In this guest feature, QLogic’s Joe Yaworski writes about improving collective performance on InfiniBand.
Today’s HPC clusters tend to be larger in terms of node count, and each node is now using faster, denser core count processors. This means that performance at scale is critical to optimize application performance on these larger, faster clusters. The performance of the interconnect is the key factor that determines the performance of the HPC cluster at scale. There are several items that determine the performance of the interconnect, including the following:
- Scalable latency
- High non-coalesced message rate performance
- Optimized collective performance
This article will focus on the performance of MPI collective operations. Collective performance is critical for the ability to scale the performance of an MPI application, especially on an HPC cluster.
About Collective Operations
In High Performance Computing (HPC), MPI is the standard for communication among processes that model a parallel program running on an HPC cluster. A collective operation is a concept in parallel computing in which data is simultaneously sent to or received from many nodes. Collective functions in the MPI API involve communication between all processes in a process group (which can mean the entire process pool or a program-defined subset). These types of calls are often useful at the beginning or end of a large distributed calculation, where each processor operates on a part of the data and then combines it into a result. Common examples of collective operations are “gather” (in which data is collected from all nodes), “scatter” (in which a set of data is broken up into pieces, and a different piece is sent to each of the nodes), and “broadcast” (in which the same data is sent to all nodes).
The performance of collective communication operations is known to have a significant impact on the scalability of most MPI applications. The nature of some collectives means that they can become a bottleneck when scaling to thousands of ranks (where a rank is an MPI process, typically running on a single core).
Forms of Collective Acceleration
There are three very different forms of collective acceleration. The first two revolve around some form of special collective acceleration, because the conventional thinking is that to obtain reasonable collective performance at scale, especially with InfiniBand, requires some sort of acceleration. The first form of collective acceleration is Host Channel Adapter-based collective acceleration, where an additional service runs on a “conventional” Host Channel Adapter’s processor and memory. The second form of acceleration is fabric-based collective acceleration. This approach offloads the collective acceleration to the InfiniBand fabric, where it runs in each of the InfiniBand switches. The third approach is an InfiniBand architecture that natively incorporates collective acceleration.
Adapter-based Collective Acceleration
One way to perform collective acceleration is to use the Host Channel Adapter to process specific collective operations. However, the HCA has limited processing capability and memory and therefore requires reads and writes onto the host buffers through the PCI bus for every operation and message. This means that the number of HCA resources required increases with the size of the MPI job and the scale of the cluster. Memory consumption also increases, causing higher latency for the collective operation.

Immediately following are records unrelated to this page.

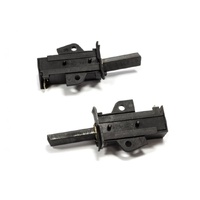 Asko ASKO Washing Machine Carbon Motor Brushes 481281729601 50265481007 spare part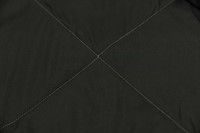Gruezi Wellhealth Blanket Wool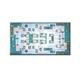 Analog Devices / Hittite HMC-ALH140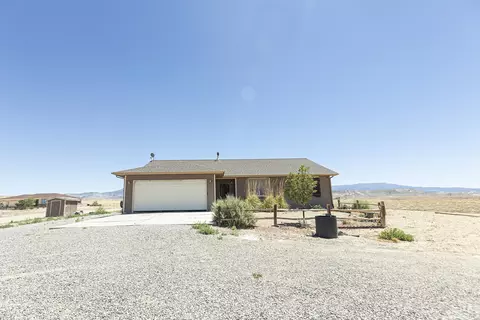368 Los Broncos Rd, Whitewater, CO 81527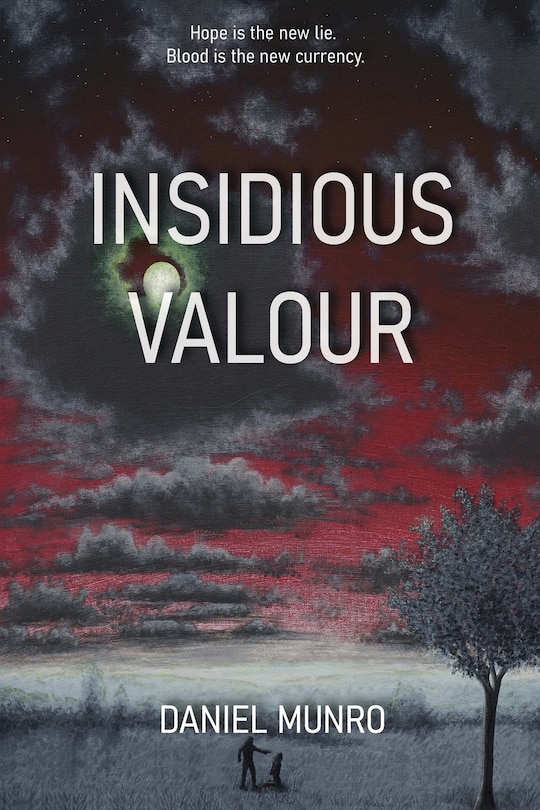 Couverture_Insidious Valour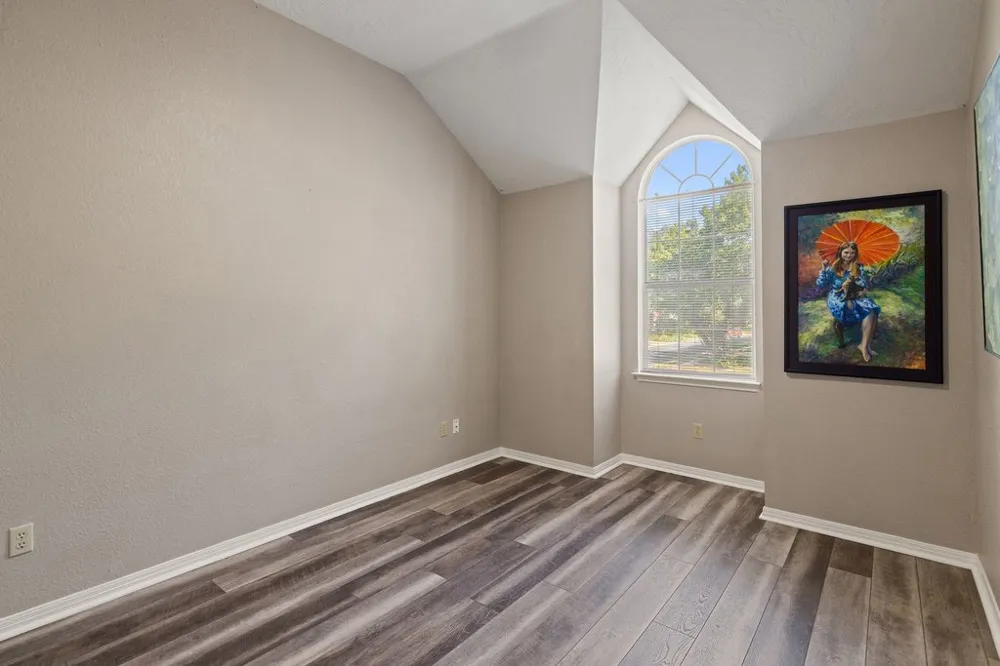 6215 John Chisum Lane Austin, TX 78749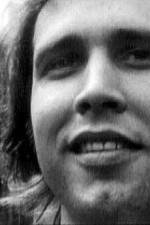 Watch Walk Don't Walk 9Movies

Fabric-based Collective Acceleration
Fabric-based acceleration offloads the computation of collectives onto the fabric switches. Using this approach requires the use of a vendor-specific SDK. This form of collective acceleration is currently only integrated with OpenMPI and Platform MPI. Fabric-based collective acceleration does improve performance, but it has a higher incremental cost.
InfiniBand-based Collective Acceleration
The third form of collective acceleration is the type that is standard/built in or designed into the InfiniBand architecture. Rather than needing to be retrofitted to work with MPI, an InfiniBand fabric solution that has built-in collective performance acceleration allows standard collective algorithms to work as intended, including support for all MPIs and MPI collective algorithms. This type of acceleration does not require any special adapter and/or fabric-based collective acceleration to obtain optimal performance and scale.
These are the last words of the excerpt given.